Thursday, August 14, 2014

Travelers: Customs Info


According to a post I just read on SmarterTravel

U.S. Customs and Border Protection (CBP) is rolling out a new app called Mobile Passport Control App (MPC), with which flyers can fill out those customs declaration forms necessary for re-entry into the U.S. Insert the usual "There's an app for that!" one-liner here.
This is the first app authorized by CBP, and it launches today, August 13. CBP is hoping the app, developed in partnership with Airside Mobile and Airports Council International-North America, will speed up the customs process, reduce wait times, and cut operating costs.
The app doesn’t allow anyone to skip any lines, but it looks like it will help processing go a little faster. According to CBP, “Since the administrative tasks are performed by the traveler prior to the passport control inspection, MPC reduces passport control inspection time and overall wait times.” Basically, it allows US and Canadian citizens to electronically submit customs forms prior to arrival at customs.
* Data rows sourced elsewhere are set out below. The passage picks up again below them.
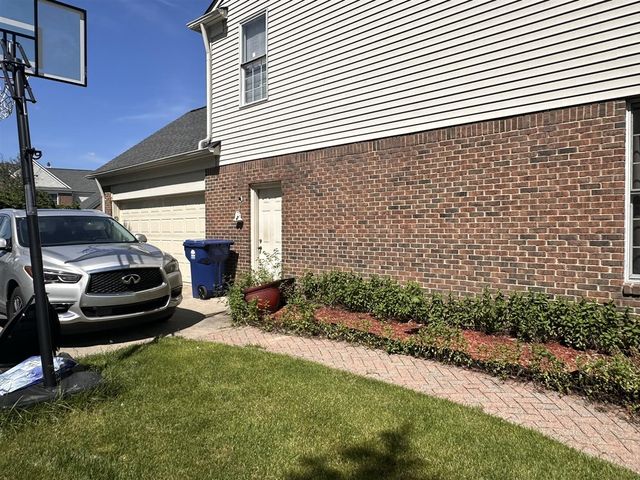 2101 Stonebridge Way, Canton, MI 48188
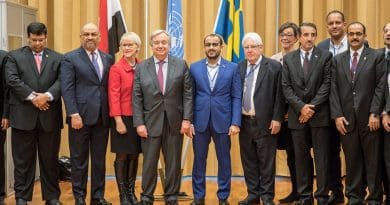 Secretary-General António Guterres (center), Swedish Foreign Minister, Margot Wallström (center left), and UN Special Envoy for Yemen Martin Griffiths (center right), with participants of the Yemeni political consultations in Sweden on 13 December 2018. Photo Credit: Government Offices of Sweden/Ninni Andersson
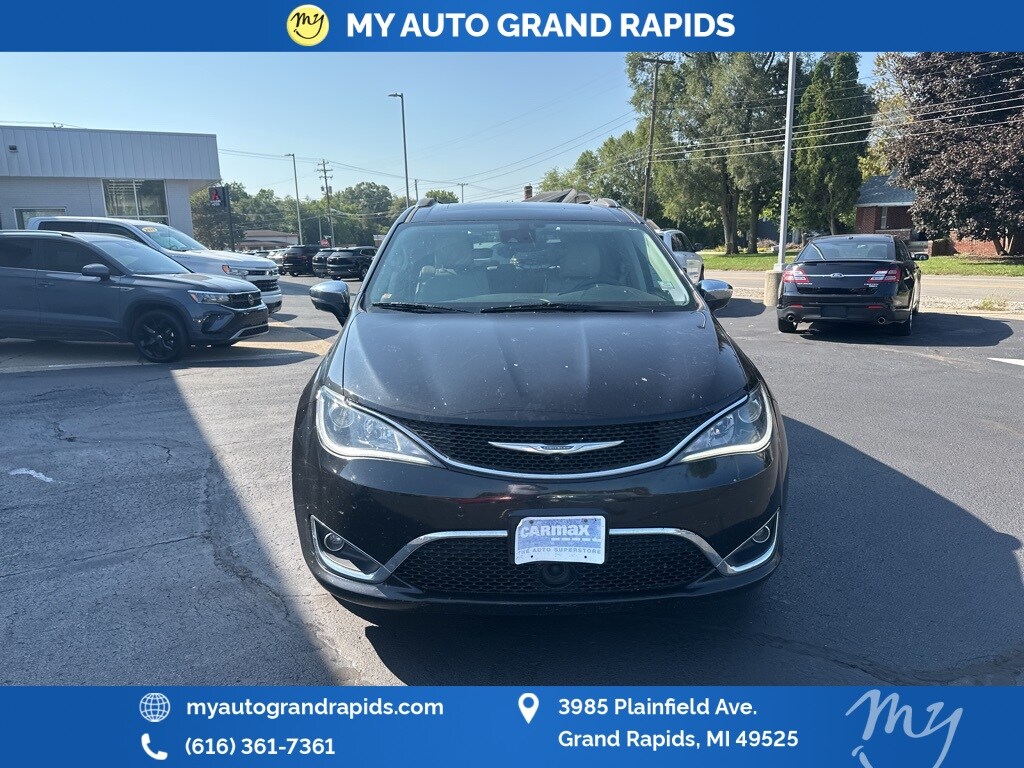 2018 Chrysler Pacifica Limited photo 2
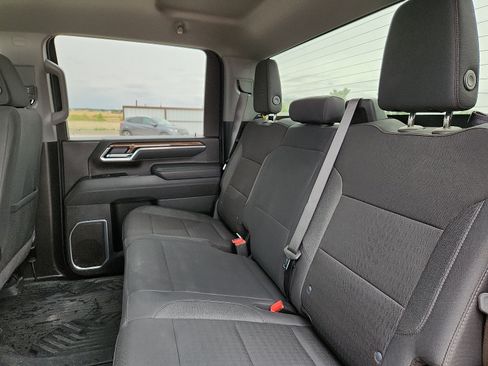Used 2025 Chevrolet Silverado 2500 LT AWD/4WD image 10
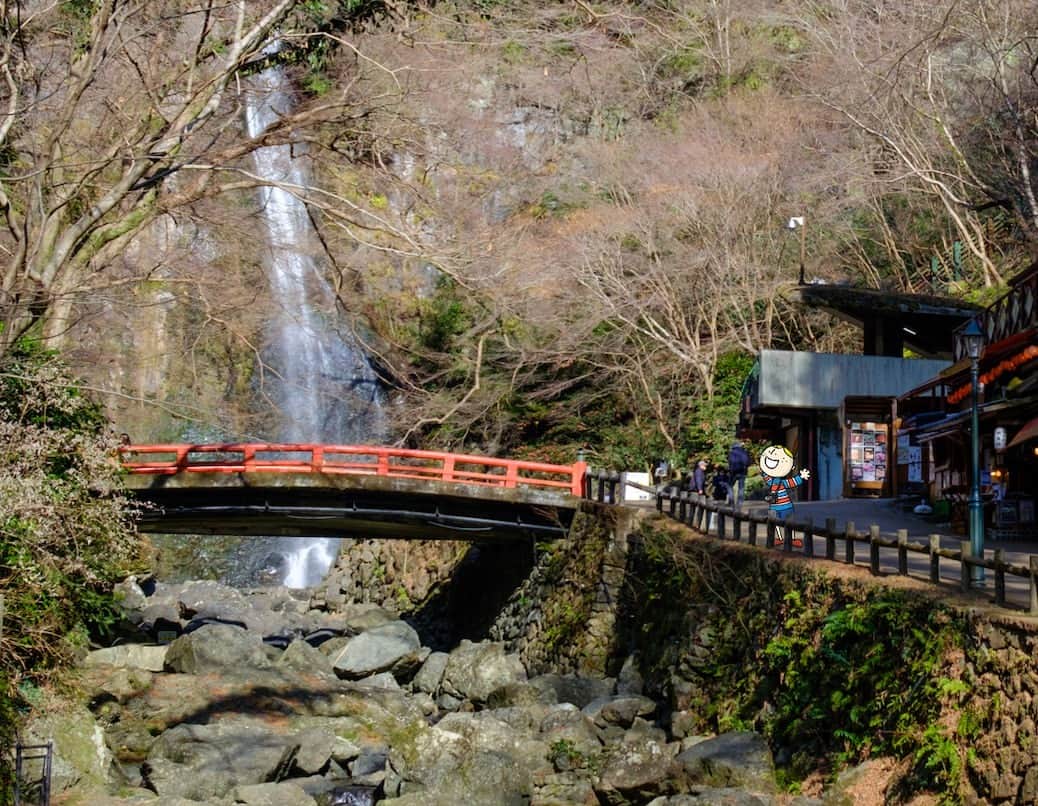 Osaka Bob（大阪観光局公式キャラクター）さんのインスタグラム写真 - (Osaka Bob（大阪観光局公式キャラクター）Instagram)「Minoh Falls, known for its beautiful nature and waterfall scenery, is quite captivating. You can enjoy hiking and picnicking while enjoying the refreshing mountain air 🌲🧺🚶‍♂️  箕面の滝は、滝と自然が織りなす美しい景色が魅力。清涼な空気を感じながら、ハイキングやピクニックが楽しめます🌲🧺🚶‍♂️  —————————————————————  #maido #withOsakaBob #OSAKA #osakatrip #japan #nihon #OsakaJapan #大坂 #오사카 #大阪 #Оsака #Осака #โอซาก้า #大阪観光 #sightseeing #Osakatravel #Osakajepang #traveljepang #osakatravel #osakatrip」5月30日 19時00分 - maido_osaka_bob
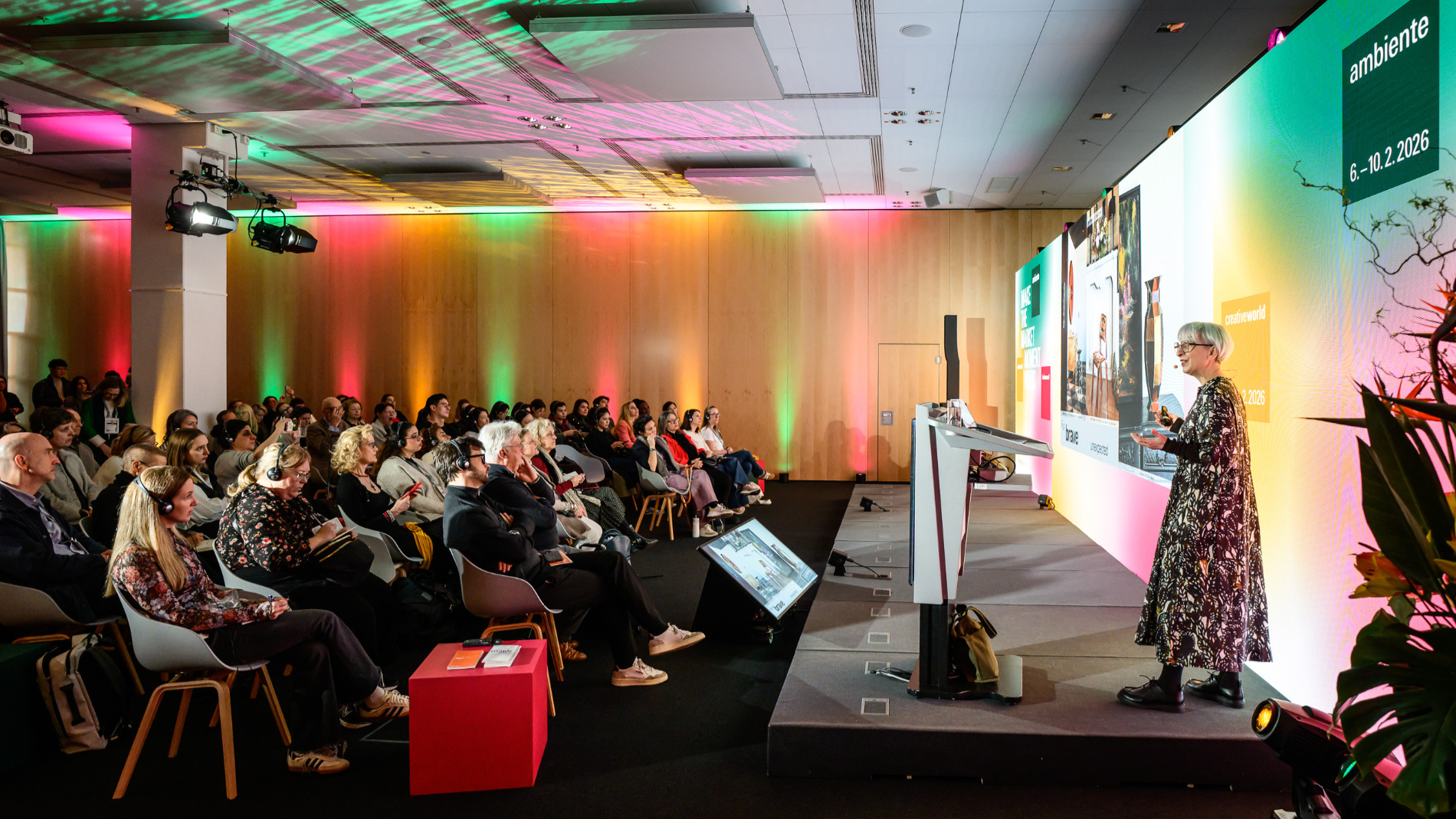 Annetta Palmisano helds a lecture at the Conzoom Solutions Academy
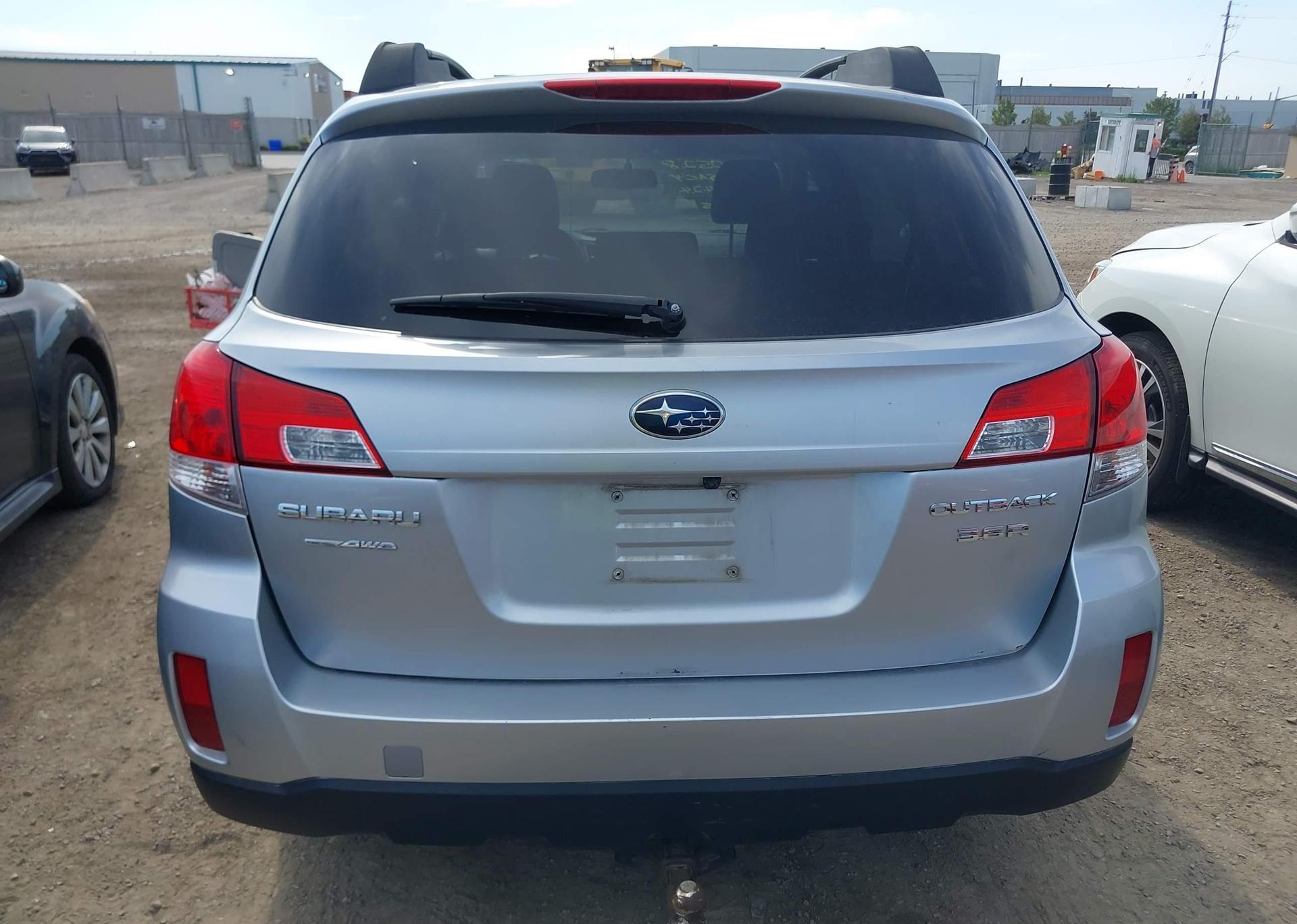 2012 SUBARU LEGACY OUTBACK
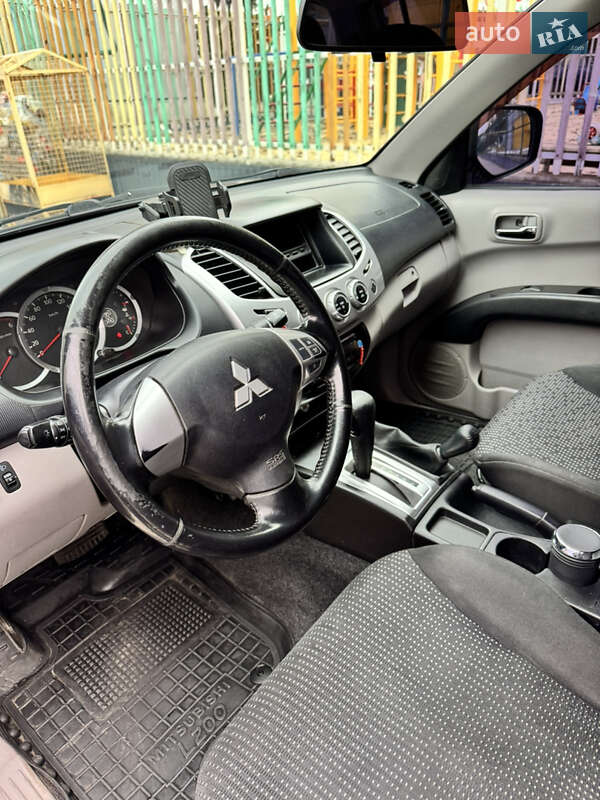 Пікап Mitsubishi L 200 2010 в Харкові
Here’s how it works: After creating a profile and entering some information about your trip, you’ll receive an electronic receipt with a QR code. Present the code to the customs officer, and he or she will scan the code and send you through.
In an increasingly automated world, it's not unusual that CBP is trading its old-fashioned paper customs forms for a digital version. Along with CBP's new customs kiosks, the app heralds a more seamless experience for travelers entering the United States. But it might be a while before you can take advantage of the new technology. The free app is still in an initial testing phase. It's available for iPhone and iPad only, and CBP says it will introduce a Droid-friendly version soon. (There's been no word on when.) The app works only for arrivals at Hartsfield-Jackson International Airport. More airports should be added in the next few months.
CBP says the app works for "eligible" travelers only; the agency doesn't give any details on who's eligible and who's not. Yet it doesn't appear that travelers need any kind of pre-approval for the app to work. My guess is CBP throws "eligible" into the language to cover their bases: If you're on some kind of watch list, perhaps you won't receive a QR code.
Search for "Airside Mobile" to find the program in the App Store. You have to be connected to Wi-Fi or a cell network for the app to work.